Biografia
Alceo, nato da famiglia aristocratica, fu implicato, insieme ai suoi fratelli, Kikis e Antimenida, nelle controverse vicende di Mitilene. Proprio Kikis e Antimenida riuscirono, insieme a
Pittaco (uno di quelli che la tradizione ricomprenderà fra i
Sette Sapienti), nel
612 a.C., a rimuovere il tiranno Melancro (
Diogene Laerzio,
Vite dei filosofi, I, 74), della famiglia dei Cleanattidi, dando così la stura a violenti scontri fra gli aristocratici e il popolo. Quando, successivamente,
Mìrsilo prese il potere, il giovane Alceo, che aveva ordito con altri di rovesciarne il governo, scoperta la congiura (forse denunziata dallo stesso Pittaco), fu costretto all'esilio nella città di
Pirra. Alla morte del tiranno Alceo poté far ritorno in patria intonando un canto di giubilo (Fr. 332 Lobel-Page): «Era ora! Bisogna prendere la sbornia.
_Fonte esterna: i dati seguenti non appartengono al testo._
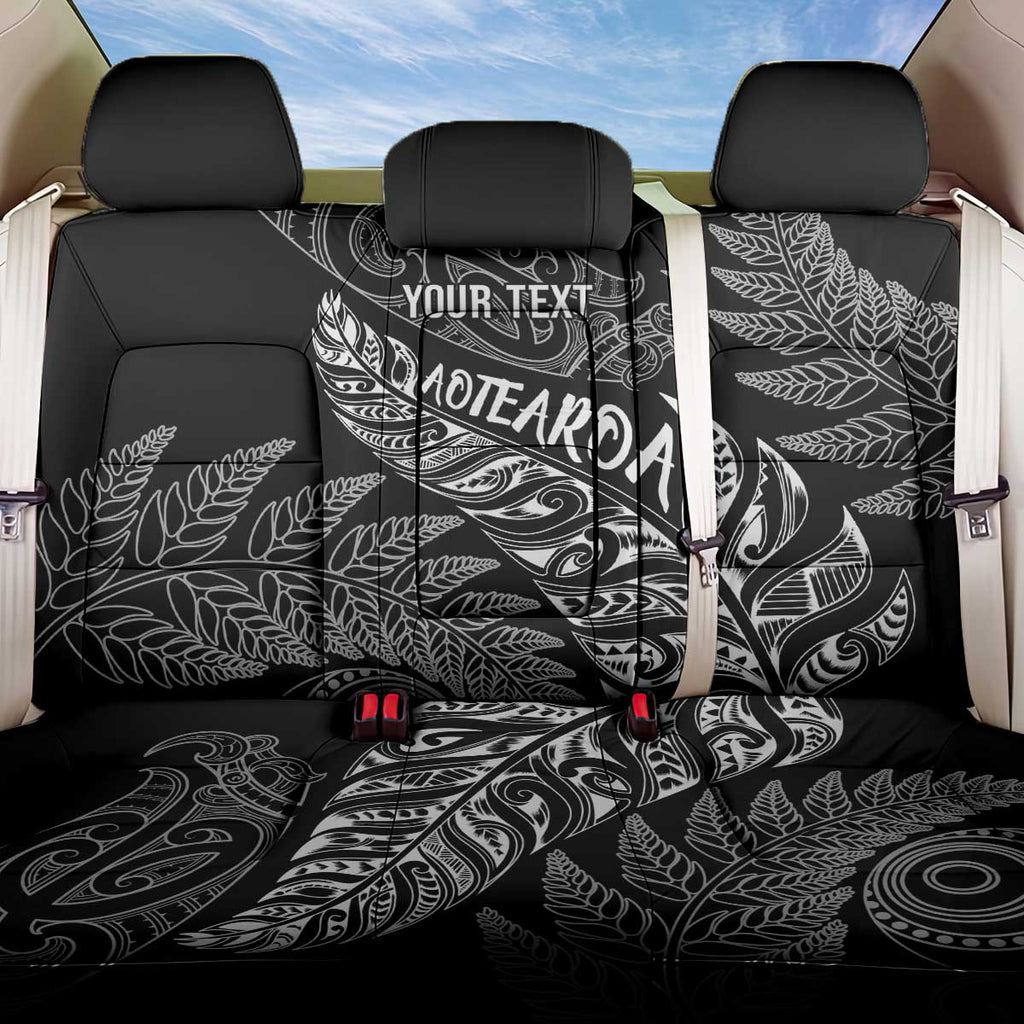 Aotearoa Personalized Lawn Bowls Maori Back Car Seat Cover New Zealand Black Tribal Silver Fern - Aussie Hoodie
Si beva a viva forza: è morto Mìrsilo». Ma, già nel
600 a.C., Pittaco, il commilitone di Alceo durante la battaglia del
Sigeo contro
Atene per il possesso della regione Achilitide, col quale condivise le amarezze della sconfitta e della fuga, ruppe il patto di «non tradire mai e di giacere morti, in una coltre di terra, uccisi dai tiranni, o ucciderli, e scampare da tanti mali il popolo» (Fr. 129 Lobel-Page), divenendo
aisymnètes (αίσυμνήτης), sorta di «tirannide elettiva» (
Aristotele,
Politica, III, 14, 1285a), succedendo così a Mìrsilo: «È d'un ramo bastardo, Pittaco. E l'hanno fatto tiranno d'uno Stato maledetto e senza nerbo. Per acclamazione» (Fr. 348 Lobel-Page). E contro Pittaco Alceo (
Vite dei filosofi, II, 46), l'amico di un tempo, lancia strali tesi ad evocare la sua abietta esistenza, chiamandolo il «panciuto» (φύσκων), perché «era pingue e carnoso» o il «piedi slargati spazzanti la terra» (σαράπους), perché «aveva i piedi piatti e li trascinava per terra» (
Vite dei filosofi, I, 81), con l'esito di un nuovo esilio, questa volta in
Egitto e, forse, in
Tracia. Dall'esilio Alceo fece ritorno solo quando Pittaco, prima di lasciare la carica di «capo supremo del popolo» (αίσυμνήτης), decise di perdonare tutti i suoi nemici (Diogene Laerzio in
Vite dei filosofi, I, 76, tramanda la seguente notizia: «Eraclito [...] afferma che, avendo in suo potere Alceo, lo rimandò libero con queste parole: ‘Il perdono è superiore alla vendetta'»). Così Alceo, ormai stanco e amareggiato, trovò consolazione solo nel vino, riuscendo in questo modo a dimenticare ogni pena (Fr. 346 Lobel-Page: «Il vino! Ecco il dono d'oblio»). Alceo morì in tarda età, occupato solo dall'incombenza di versare sul «capo, che ha sofferto tanto, [...] l'unguento» (Fr. 50 Lobel-Page).